01: 43: 17.60 999935 _ ()
01: 43: 17.69 999936 Bobrik_ (village)
API server datahttps://toolserver.org/~kalan/ruwiki-1m-2.txt 01: 36: 32.67 999966 Klavdievo
01: 36: 32.93 999967 Klavdievo
...
01: 41: 38.01 999997 Finely
01: 41: 38.67 999997 Kruchinin, Vladimir Fedorovich
01: 41: 39.12 999998 Vyacheslav Kalyamin, Vyacheslav Ivanovich
01: 41: 39.35 999999 Kalyamin, Vyacheslav Ivanovich
01: 41: 39.80 1000000 Life Extension Foundation
01: 41: 41.12 1000000 Fortigin, Vitaly Sergeevich
01: 41: 41.56 1000001 Fortigin, Vitaly Sergeevich
01: 41: 41.79 1000000 Fortigin, Vitaly Sergeevich
01: 41: 42.00 1000001 Fortigin, Vitaly Sergeevich
01: 41: 42.63 1000002 The emperor is power
01: 41: 43.09 1000003 Nadezhda Andreevna Chertova
01: 41: 43.32 1000004 Glock 21
01: 41: 44.22 1000004 Volodya Shishkin
...
01: 43: 17.01 1000023 Beaver (stanitsa)
01: 43: 17.22 1000024 Beaver (stanitsa)
My server, data from APIhttp://v.kalan.cc/ruwiki-1m-2.txt 01: 36: 32.72 999966 Klavdievo
01: 36: 32.96 999967 Klavdievo
...
01: 41: 37.95 999996 Fine
01: 41: 38.19 999997 Finely
01: 41: 38.68 999997 Kruchinin, Vladimir Fedorovich
01: 41: 38.92 999997 Vyacheslav Ivanovich Kalyamin
01: 41: 39.17 999999 Kalyamin, Vyacheslav Ivanovich
01: 41: 39.88 1000000 Life Extension Foundation
01: 41: 41.25 1000000 Fortigin, Vitaly Sergeevich
01: 41: 41.73 1000001 Fortigin, Vitaly Sergeevich
01: 41: 42.68 1000002 The Emperor is power
01: 41: 42.92 1000002 Nadezhda Andreevna Chertova
01: 41: 43.14 1000003 Nadezhda Andreevna Chertova
01: 41: 43.38 1000004 Glock 21
01: 41: 44.32 1000004 Volodya Shishkin
...
01: 43: 17.10 1000023 Beaver (stanitsa)
01: 43: 17.34 1000024 Beaver (stanitsa)
For all three logs, it is clear that the
Life Extension Foundation article took the line.
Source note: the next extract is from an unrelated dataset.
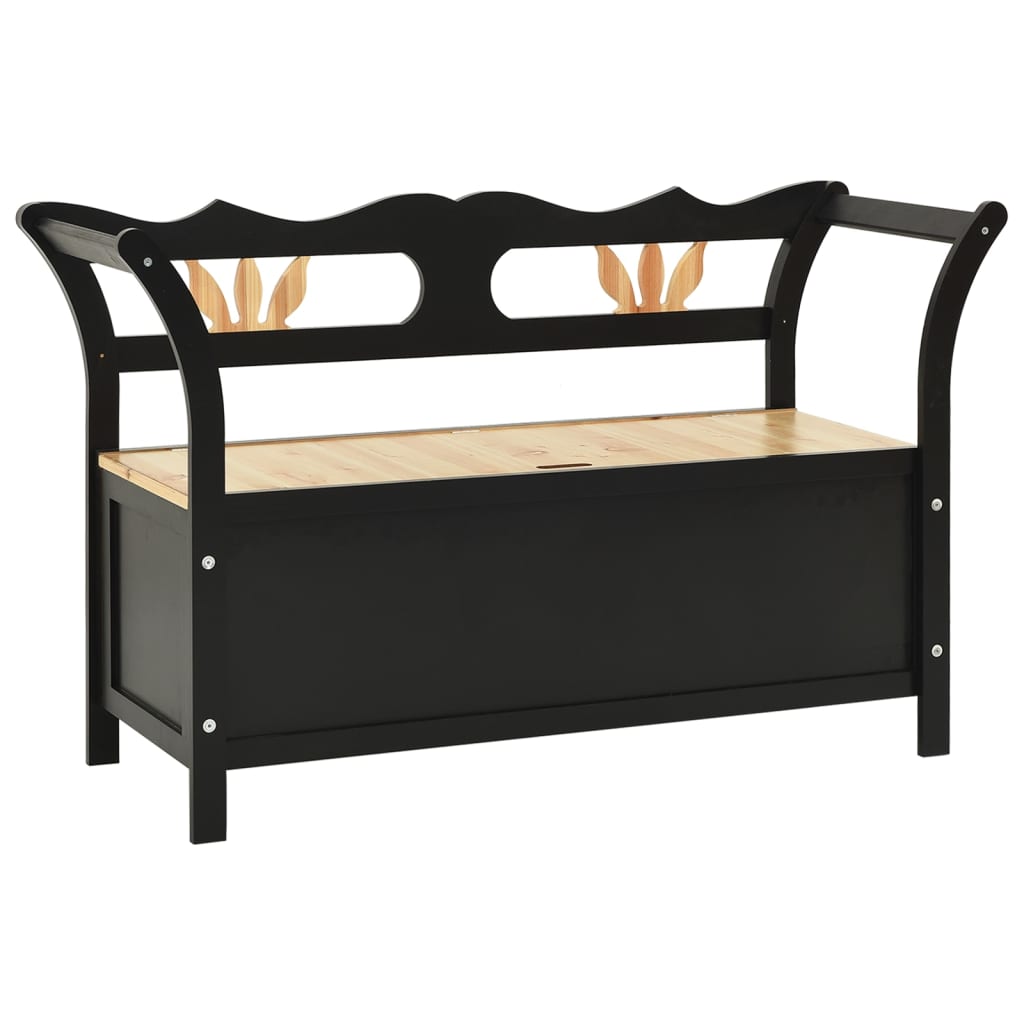 Banc Noir 107x45x75,5 cm Bois de sapin solide - XIOS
According to the articles of
Klavdievo (999967) and
Bobrik (stanitsa) (1000024), it can be concluded that the difference between the readings of Tulserver counters and Wikipedia itself in the segment of interest to us was equal to 88. .
Fortunately, vandal articles this time swept past again.